There should be a separate intrusion detection module to detect anomalous queries posed by even authorized users. For example although the sales department is allowed to see the shipping address on an order-by-order basis, if a person in the sales department tries to steal all the addresses, such a query should be declared as anomalous.
A data item should be retained for the maximum retention period among all the purposes for which it has been collected. After this period, it should be deleted from all logs, checkpoints etc.
This module is responsible for checking if a particular attribute is unused, or if a particular authorized user has more than privileges than required.
There are various challenges to developing such a system.
A good language is needed for specifying privacy policies We need a language more general than P3P. For example, how about a user who is willing to give away some information provided he is given a certain compensation?
There are traditional efficiency concerns in using this design. For example, if every time a customer give information for the same purpose, the purpose tag can be kept in the customer table, rather than keeping the it with every possible transaction.
For ensuring this, we can do
Access Analysis - see which attributes are not being used. The problem is that the use of an attribute can be conditional. For example, assets are required for a mortgage application only if the salary is low.

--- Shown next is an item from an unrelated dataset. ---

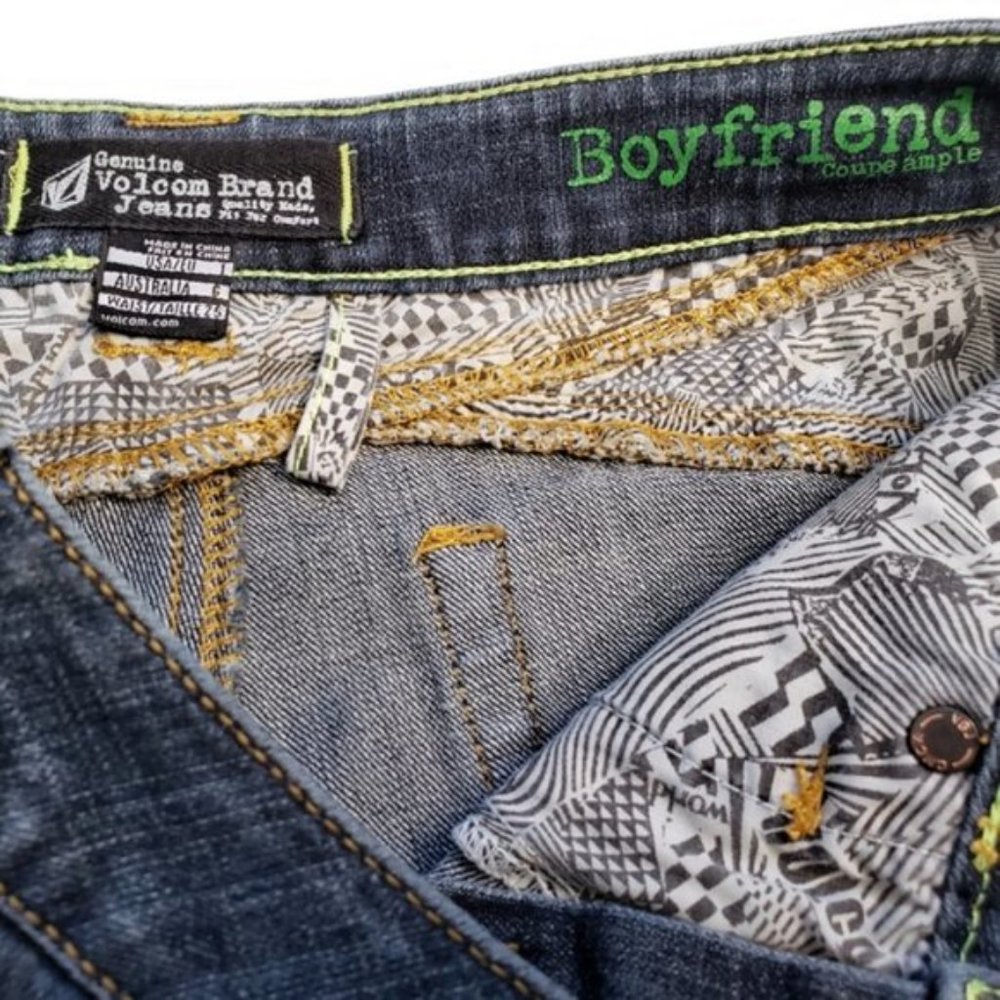 VOLCOM Boyfriend Jeans Dark Wash Midi Shorts - Picture 2 of 4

Granularity analysis - see that not more information than required is being collected. For example, if queries are only of the form numChildren>0 and numChildren==0, the exact number of children is higher granularity data than required.
A query may be rewritten in terms of minimal queries to actually reveal things as in (1) and (2).
Data should be removed permanently after expiry, i.e. from all logs, checkpoints etc.
For safety, data on disk must be secured by encryption. However, this opens the very difficult problem of query-processing over encrypted data.
Universal logging: Each donor is provided with logs of accesses of his/her data. However, this is not scaleable.
Tracking Breaches: Fingerprinting - Insert some false email accounts. If an email on that account is received, then privacy breach has taken place. Fingerprints should be assigned not uniformly, but according to the distribution, e.g., more in the populated areas.
A strawman design for the Hippocratic Databases paradigm and the major challenges therein are given above.